Question

The current maximum level of fluoride that the EPA allows in U.S. drinking water is \(4 \mathrm{mg} / \mathrm{L}\). Convert this concentration to molarity.

Short answer

The molarity is approximately \(2.1 \times 10^{-4} \text{ mol/L}.\)

Step-by-step solution

Understand the Question

We need to convert the given fluoride concentration from mass per volume \(\text{mg/L}\) to molarity \(\text{mol/L}\).

Identify Given Values

The concentration of fluoride is given as \(4 \text{ mg/L}\). The molar mass of fluorine \(\text{F}\) is about \(19.00 \text{ g/mol}\).

Convert mg to g

Convert the mass of fluoride from milligrams to grams to use the molar mass for conversion. Since \(1 \text{ mg} = 0.001 \text{ g}\), we have:\[4 \text{ mg/L} = 0.004 \text{ g/L}\]

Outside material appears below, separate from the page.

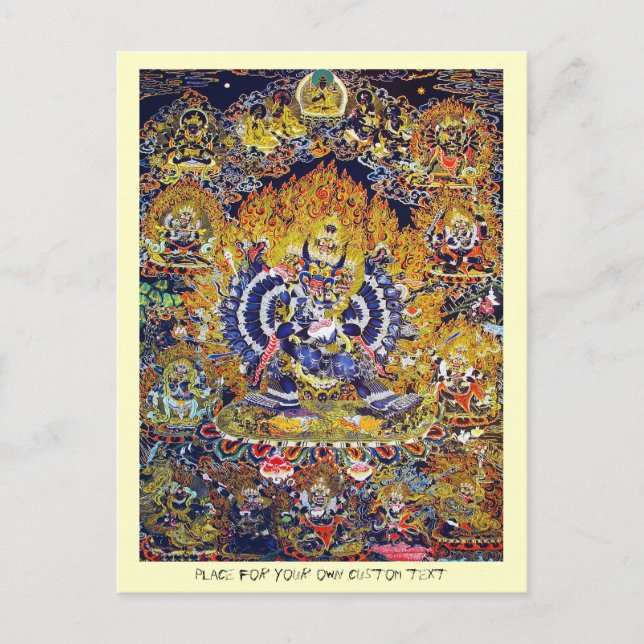 Postal Tatuaje del dios de la muerte del tangka Yamantaka (Anverso)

Use Molar Mass to Find Moles

To find the molarity, we divide the mass of fluoride in grams by its molar mass in grams per mole:\[\text{Moles of } F = \frac{0.004 \text{ g/L}}{19.00 \text{ g/mol}}\]

Calculate Molarity

Perform the division to get molarity:\[\text{Molarity} = \frac{0.004}{19.00} \approx 2.1 \times 10^{-4} \text{ mol/L}\]

Key concepts

Molarity Conversion

Molarity is a fundamental concept in chemistry that quantifies the concentration of a solute in a solution. Specifically, it represents the number of moles of a solute per litre of solution, denoted as \text{mol/L}. To convert from terms like \text{mg/L} to molarity, we first need to understand the relationship between mass, moles, and volume.

**Key Steps in Conversion**

• Convert Units: Begin by converting the mass from milligrams to grams because molarity calculations typically require mass in grams. This involves using the conversion \(1 \ ext{ mg} = 0.001 \ ext{ g}\).
• Determine Moles: Use the molar mass of the element or compound (grams per mole) to convert grams to moles. Moles are the bridge between the amount of substance and its chemical individuality.
• Calculate Molarity: Finally, divide the number of moles of solute by the volume of the solution in litres to find molarity.

This systematic approach ensures precise conversion, facilitating accurate representation of solution concentrations.

Fluoride Concentration

Fluoride concentration in water is an important parameter, especially in drinking water. It is typically expressed in terms of mass per volume, such as \text{mg/L}. To transform this into molarity, understanding fluoride's molar mass is crucial.

**Importance of Measuring Fluoride**

• Fluoride helps in preventing tooth decay when present at safe levels.
• Too much fluoride can lead to health issues like dental fluorosis.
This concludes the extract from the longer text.